* **WORK TASK**:
Say how many lines of the listing below hold the string "Benz", and say nothing else.

* **RECORDS TO PROCESS**:
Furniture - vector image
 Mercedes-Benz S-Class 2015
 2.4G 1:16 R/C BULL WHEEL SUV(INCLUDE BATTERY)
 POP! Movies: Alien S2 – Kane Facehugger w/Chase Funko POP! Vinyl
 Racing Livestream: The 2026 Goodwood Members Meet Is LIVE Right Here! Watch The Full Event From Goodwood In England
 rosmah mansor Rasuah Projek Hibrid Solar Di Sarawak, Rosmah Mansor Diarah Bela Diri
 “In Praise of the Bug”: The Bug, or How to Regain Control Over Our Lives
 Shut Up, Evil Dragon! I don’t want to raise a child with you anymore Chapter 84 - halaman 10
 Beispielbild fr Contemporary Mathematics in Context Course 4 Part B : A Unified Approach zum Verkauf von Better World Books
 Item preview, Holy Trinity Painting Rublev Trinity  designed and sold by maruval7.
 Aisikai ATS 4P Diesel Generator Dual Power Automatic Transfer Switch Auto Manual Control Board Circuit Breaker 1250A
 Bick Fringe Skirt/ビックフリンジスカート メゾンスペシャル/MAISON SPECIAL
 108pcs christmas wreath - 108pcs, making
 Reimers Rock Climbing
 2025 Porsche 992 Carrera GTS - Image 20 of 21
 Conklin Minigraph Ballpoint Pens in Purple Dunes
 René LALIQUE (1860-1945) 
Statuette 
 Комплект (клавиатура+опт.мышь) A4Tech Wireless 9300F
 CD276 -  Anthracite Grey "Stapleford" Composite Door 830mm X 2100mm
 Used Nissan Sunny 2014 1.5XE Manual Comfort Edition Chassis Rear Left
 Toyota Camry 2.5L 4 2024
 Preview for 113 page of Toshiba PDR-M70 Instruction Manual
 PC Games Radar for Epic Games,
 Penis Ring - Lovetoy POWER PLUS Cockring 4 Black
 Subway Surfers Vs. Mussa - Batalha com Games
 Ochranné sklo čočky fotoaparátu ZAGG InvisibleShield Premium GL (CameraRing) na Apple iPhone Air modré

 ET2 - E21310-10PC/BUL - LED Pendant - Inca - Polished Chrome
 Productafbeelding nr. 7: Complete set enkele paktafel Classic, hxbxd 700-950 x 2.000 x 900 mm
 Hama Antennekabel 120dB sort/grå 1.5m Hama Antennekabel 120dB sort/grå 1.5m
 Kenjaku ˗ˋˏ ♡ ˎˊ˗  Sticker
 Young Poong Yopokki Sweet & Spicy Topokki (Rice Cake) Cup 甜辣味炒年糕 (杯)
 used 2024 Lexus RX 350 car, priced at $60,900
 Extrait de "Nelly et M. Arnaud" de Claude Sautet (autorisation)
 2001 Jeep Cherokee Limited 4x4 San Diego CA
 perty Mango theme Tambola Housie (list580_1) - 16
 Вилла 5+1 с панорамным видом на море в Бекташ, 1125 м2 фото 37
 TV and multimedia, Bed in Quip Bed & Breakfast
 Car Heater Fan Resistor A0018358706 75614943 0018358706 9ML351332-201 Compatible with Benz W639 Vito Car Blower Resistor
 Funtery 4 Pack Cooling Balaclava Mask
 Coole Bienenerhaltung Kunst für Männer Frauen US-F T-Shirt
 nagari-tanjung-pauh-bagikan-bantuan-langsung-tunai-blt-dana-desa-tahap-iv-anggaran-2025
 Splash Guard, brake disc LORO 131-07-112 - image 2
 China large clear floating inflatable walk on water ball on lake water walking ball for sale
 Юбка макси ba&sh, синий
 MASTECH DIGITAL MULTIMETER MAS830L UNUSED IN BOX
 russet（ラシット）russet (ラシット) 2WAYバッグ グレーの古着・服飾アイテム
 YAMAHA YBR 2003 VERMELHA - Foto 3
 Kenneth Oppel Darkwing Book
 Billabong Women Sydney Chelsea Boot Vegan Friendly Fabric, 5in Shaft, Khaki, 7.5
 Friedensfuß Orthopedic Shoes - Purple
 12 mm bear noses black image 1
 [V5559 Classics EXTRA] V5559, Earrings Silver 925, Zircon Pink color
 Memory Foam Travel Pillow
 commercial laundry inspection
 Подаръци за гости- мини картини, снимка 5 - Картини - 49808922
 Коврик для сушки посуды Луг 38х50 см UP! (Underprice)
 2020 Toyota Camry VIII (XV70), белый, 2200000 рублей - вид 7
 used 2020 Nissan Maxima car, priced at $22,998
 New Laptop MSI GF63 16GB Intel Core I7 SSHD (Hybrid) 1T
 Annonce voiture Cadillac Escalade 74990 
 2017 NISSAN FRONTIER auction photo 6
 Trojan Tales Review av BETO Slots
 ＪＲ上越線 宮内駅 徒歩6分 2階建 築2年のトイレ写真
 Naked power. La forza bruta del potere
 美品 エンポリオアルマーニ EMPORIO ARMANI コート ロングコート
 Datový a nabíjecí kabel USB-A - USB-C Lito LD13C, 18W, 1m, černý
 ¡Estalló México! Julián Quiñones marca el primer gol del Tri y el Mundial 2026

* **SOLUTION**:
2